Were National League players merely fed up with the extended losing streak to the American League in the All Star game? Was the prospect of home field advantage in the World Series a real motivator? Or ... were Brian McCann and his cronies simply playing their hearts out to swing the 2010 election because they're aching for that upper-class tax cut? The point is only logical to make in the wake of research done by the U of M's Smart Politics blog. The key grafs:

A Smart Politics analysis of All-Star game history and U.S. House elections over the past 60 years finds that a National League victory has preceded each of the last nine election cycles in which Republicans have enjoyed double-digit gains in the House since 1950.

The last time the GOP scored a substantial victory in the U.S. House was, of course, in 1994 - picking up 54 seats during the Republican Revolution that November.

On July 12th earlier that summer, the National League ended a six-game losing streak with a dramatic come-from-behind 8-7 victory.
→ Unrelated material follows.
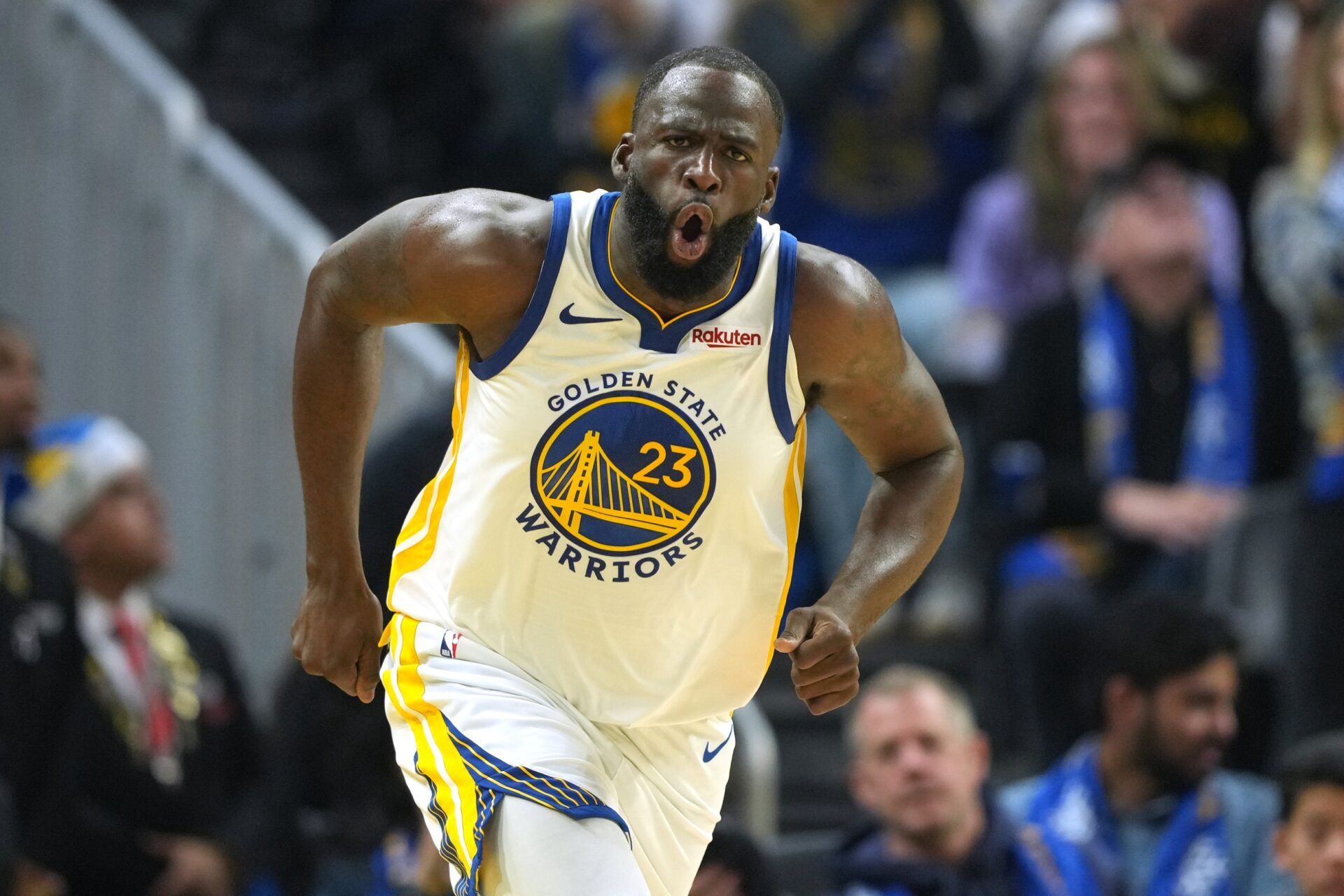 Golden State Warriors forward Draymond Green (23) reacts after making a three point basket against the Dallas Mavericks during the second quarter at Chase Center.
The NL scored two runs in the bottom of the ninth to tie it up and won the game in the bottom of the 10th when San Diego's Tony Gwynn scored on a double by Montreal's Moises Alou.

The second biggest House Republican victory since 1950 took place in 1966, with the GOP winning back 47 seats after yielding 36 seats to the Democrats when LBJ was elected in 1964.

In the All-Star game on July 12, 1966, after spotting the American League a run in the top of the 2nd inning, the National League came back to tie the game in the 4th and won on a single by the Dodgers' Maury Wills in the bottom of the 10th.

It's one of those massive coincidences that seems to affect sports and politics. But it's more fun to think of it as a massive conspiracy theory whereby members of the AL team -- especially those who went 0-for-2 and threw a ball into center field -- attempted to throw the game on behalf of the GOP greater good.